# Postmates Halloween bonus Oct 2015



## Showa50 (Nov 30, 2014)

Did anyone try for this Halloween weekend bonus? $100 for completing 50 deliveries. 
I ran the numbers and it averaged out to be a little over 3 per hour, during required hours, a courier had to complete to get the bonus. Not an easy challenge.

If anyone did try for bonus I'd like to hear how.


----------



## KMANDERSON (Jul 19, 2015)

Showa50 said:


> Did anyone try for this Halloween weekend bonus? $100 for completing 50 deliveries.
> I ran the numbers and it averaged out to be a little over 3 per hour, during required hours, a courier had to complete to get the bonus. Not an easy challenge.
> 
> If anyone did try for bonus I'd like to hear how.
> ...


which is one is the most profitable doordash our postmates


----------



## Showa50 (Nov 30, 2014)

KMANDERSON said:


> which is one is the most profitable doordash our postmates


They seem to be both equal.


----------



## Yarddude11 (May 12, 2015)

I do better on Postmates. I just end up over at SMU. ?


----------



## KMANDERSON (Jul 19, 2015)

Yarddude11 said:


> I do better on Postmates. I just end up over at SMU. ?

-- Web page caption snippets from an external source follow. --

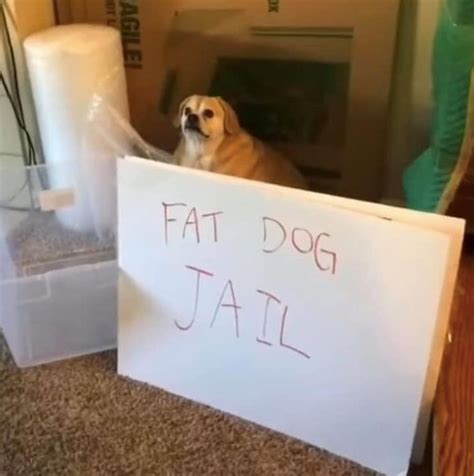 Fat Dog Jail - Meme - Shut Up And Take My Money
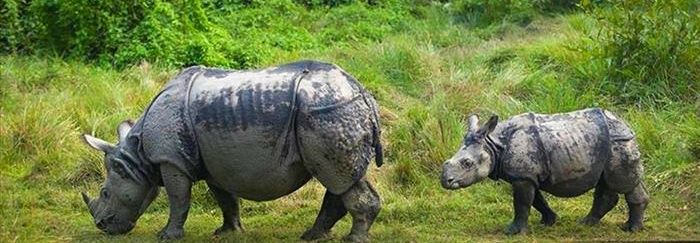 nepal_chitwan_national_park_rhinos_nepal_ghorepani_trek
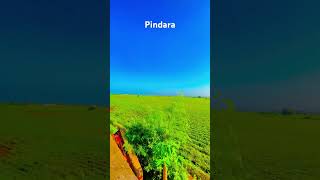 Pindara view ⚡️ song music gamdu gujratisong gujratistatus trending subscribe [upl. by Neenahs]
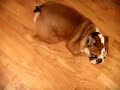 Jayk and Winston playing hide and seek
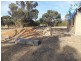 Tatura VIC 3616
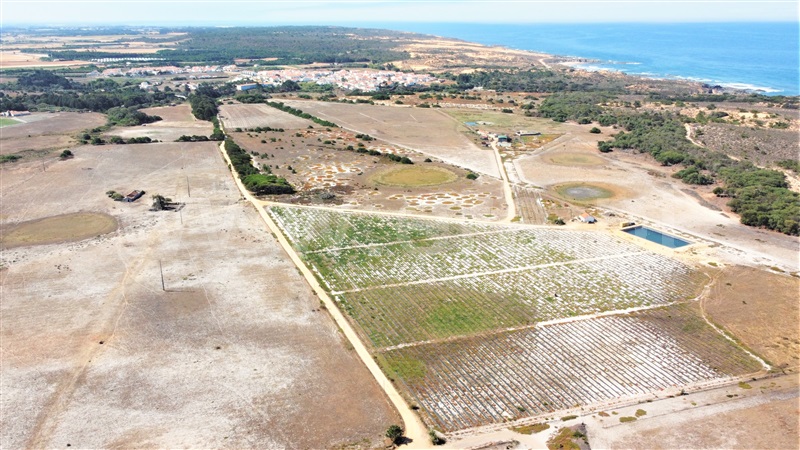 Quinta  Odemira, Longueira/Almograve - 1267217 - 32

how is postmates is dallas can you make as much as uber our lyft


----------



## Yarddude11 (May 12, 2015)

Considering how many drivers Uber has hired. Yes. I just wish they would open up areas north of 635


----------



## KMANDERSON (Jul 19, 2015)

I need to do a week of doordash just to see if it the same type of money as rideshare in the Dallas market.


----------



## KMANDERSON (Jul 19, 2015)

need to get to one of those postmates onboarding.Just never have the time cause of my full time job


----------



## Yarddude11 (May 12, 2015)

If you jump on during Uber/Lyft slow times it works well. Just try to stay away from SMU. They do not tip.......anyone.......ever!


----------